Fri, 09/13/2019 - 09:00

09-13-19

There are many businesses that are successful right now whose owners don’t feel any urgency to begin Exit Planning. This might partially explain why only 17% of owners have a written Exit Plan. When owners are comfortable where they’re at, despite not having a formal Exit Plan, they may struggle to plan with a longer view of their business futures. They may ask, “Why change what works?”

According to Chuck Hollander of Red Flag Advantage Business Consulting, strong businesses are a marriage between performance and health. During the BEI 2017 National Conference, he described the difference between business performance and business health as follows:

  • Business performance is the business’ ability to win today.
  • Business health is the business’ ability to win tomorrow.

Many successful businesses have indisputably strong business performances. Fewer of them have similarly strong business health. For example, many successful businesses meet or exceed various expectations based mostly on the owner’s presence. If that owner were to leave unexpectedly (via death, injury, or otherwise), the business would most likely suffer, if not fail altogether. In this example, the business may have a strong performance. But its health—its ability to win tomorrow—is in jeopardy because if anything were to go wrong with the owner, it’s likely that things will go wrong with the business.

Compounding that challenge is the fact that most owners are incredibly optimistic about themselves and their businesses. They may say, “We can worry about that when it’s time.” But the time to worry about the business’ health is now, especially if owners, their families, and others rely on the business to support their lifestyles.

Let’s look at three ways that advisors help owners marry business performance to business health and reframe the conversation.

Pinpoint problems without interrogating

Business owners typically don’t answer to anyone. They’re the boss, the decision maker, the interrogator. Owners whose businesses have consistently strong performances may question why they need an Exit Plan at all. Exit Planning Advisors approach this mind-set by pinpointing problems without interrogating the owner.

This doesn’t mean that they don’t ask questions at all. On the contrary, they ask probing questions that speak to the owner’s needs. Exit Planning Advisors motivate owners by guiding them toward identifying their problems themselves. They may ask an owner, “What is your biggest challenge?” or “What does independence mean to you?” These kinds of questions put the focus on what the owner thinks, rather than on what the Exit Planning Advisor does.
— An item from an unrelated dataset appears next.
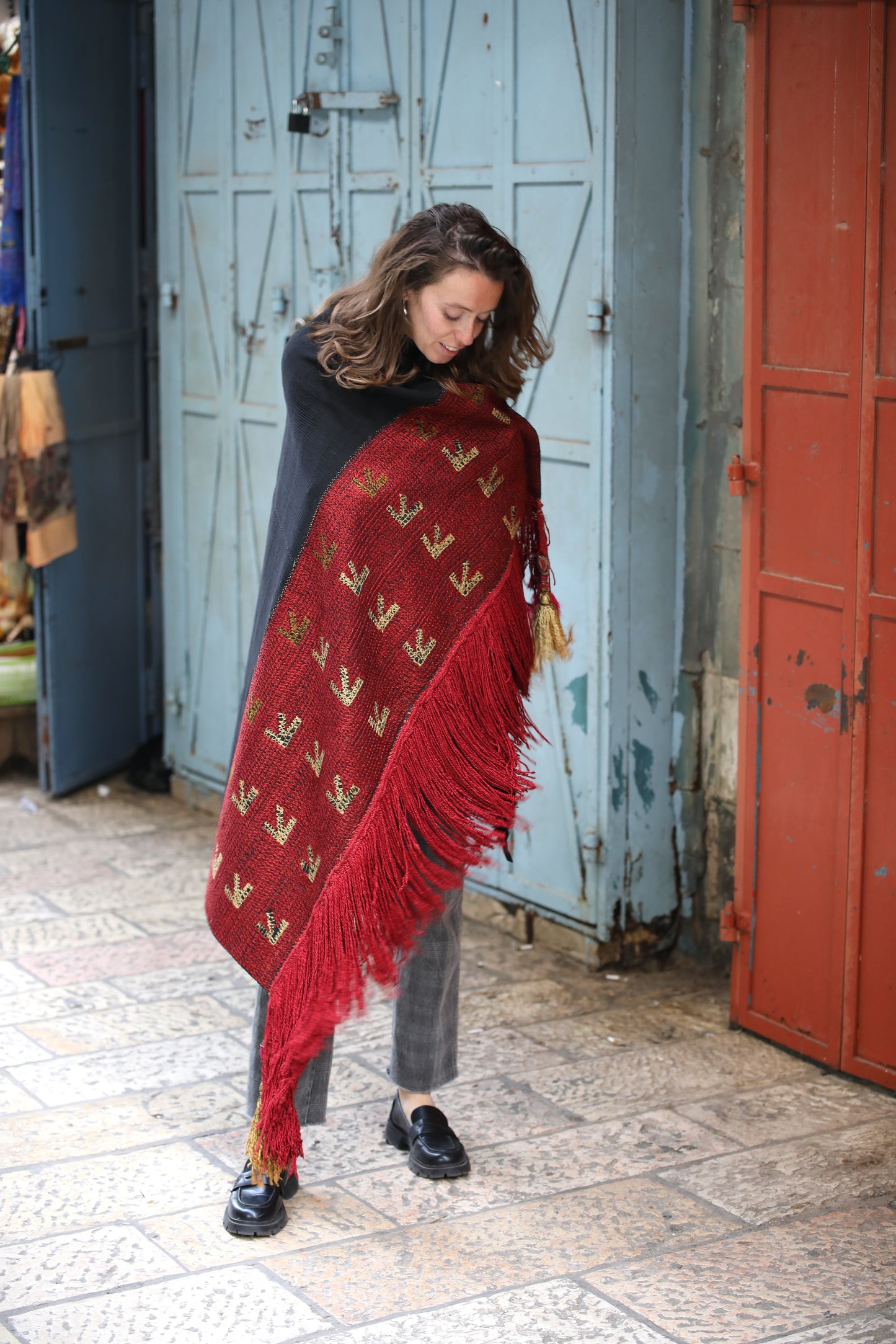 Shanbar Shawl | 1920's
More importantly, they tend to reframe the conversation with a focus on business health (i.e., planning for the future of the business, which includes the owner’s inevitable exit).

Calculate consequences

Once the owner has self-identified what they think are their challenges, based on the Exit Planning Advisor’s probing questions, the Exit Planning Advisor has a base to work with. At this point, Exit Planning Advisors can begin to calculate the consequences of owners’ inaction.

For example, an owner may say that for 30 years, their business has provided their family with a lifestyle they could have only dreamed of when they founded the business and that changing what they do wouldn’t make much sense. Rather than debating the owner, an Exit Planning Advisor might respond, “You’ve spent 30 years building this successful business. Is it protected?”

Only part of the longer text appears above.